At this point the movie stops pretending to be a story and becomes a political hallucination. Her escapades inspire women to paint themselves like THE BRIDE! and rise up in rebellion across the country because Maggie Gyllenhaal honestly thought she could rip-off Joker and think no one would notice.
There is a brilliant woman detective with an Irish name and a Spanish accent who is tracking them. She has to pretend she’s an assistant to a man because in 1930s America a woman couldn’t become a real police detective like Isabella Goodwin did in 1912. She is partnered with a man who knows enough to get out of her way when she needs to be the brains of the outfit. He eventually promotes her to detective by handing her his badge, because police detective badges are like Green Lantern’s ring, they find their way to the most worthy and their awesome power is bestowed automatically.

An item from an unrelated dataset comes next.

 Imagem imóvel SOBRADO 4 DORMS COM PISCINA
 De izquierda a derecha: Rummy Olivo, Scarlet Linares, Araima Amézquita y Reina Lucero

Skipping ahead quite a bit because what I was watching was so awful my brain shutdown in self defense and refused to record what my eyes were gazing at in disgust.
Frank gets shot in the brain and like any zombie that does the trick. THE BRIDE! takes his corpse (his corpses? Is the plural correct here? I mean he is the orginal non-binary person) to the doctor. However, even the power of her womanhood is insufficient to bring Frank back to life. Then the police show up and kill the Bride for her many, many murders. The woman detective shows up and orders all the men to go away through the power of her Green Lantern badge. Mary Shelley’s Ghost possesses the Doctor and she now has the power to bring the author’s fictional creation back to life.
The end.
This movie inspired mass walkouts and hilariously positive reviews on Rotten Tomatoes. The reviews are all along the lines of ‘yeah, this is bad but I have to say it’s good because I’m a bad feminist if I don’t.’ 57% positive reviews are way too high, granted a lot of them are cut’n paste copies of each other with a few words being shuffled around here and there. I keep seeing the words “big swing” over and over again. The mental image that is supposed to conjure is one of Babe Ruth’s many strikeouts but what really comes to mind is a four-year-old playing Tee-ball who misses the ball and hits himself in the back of his helmet with his own bat.
Maggie Gyllenhaal became a rabid feminist when she stopped being given “hot girl” roles and started being cast as “the Mom.” Maggie was clearly inspired by Joker, wanted to make a feminist version of that with a different IP wrapper and managed to recreate Joker II.
The truly sad irony here is that Frankenstein was always a very feminine story. It was a deeply personal book. Mary Shelley wrote it after the death of her first child. The novel is saturated with grief, guilt, and the terror of creating life in a world where death is inevitable. It is not a feminist revenge fantasy. It is a tragedy about responsibility for bringing life into the world.
Frankenstein was written by a woman who was in agony over her lost child.
THE BRIDE! was written by a woman who is in agony over her lost youth.
Avoid Like the Plague (0/0)




What a lost opportunity! There is so much that could be done with the underlying material of Mary Shelley's Frankenstein if you understood it as well as E. Michael Jones does: https://www.ewtn.com/catholicism/library/frankenstein-10806
As was said elsewhere, this film set female directors back by at least 10 years.
"Big Swing!"
... and a miss with $90M+ on the line.
That's what you get with women directors and producers?
No thanks.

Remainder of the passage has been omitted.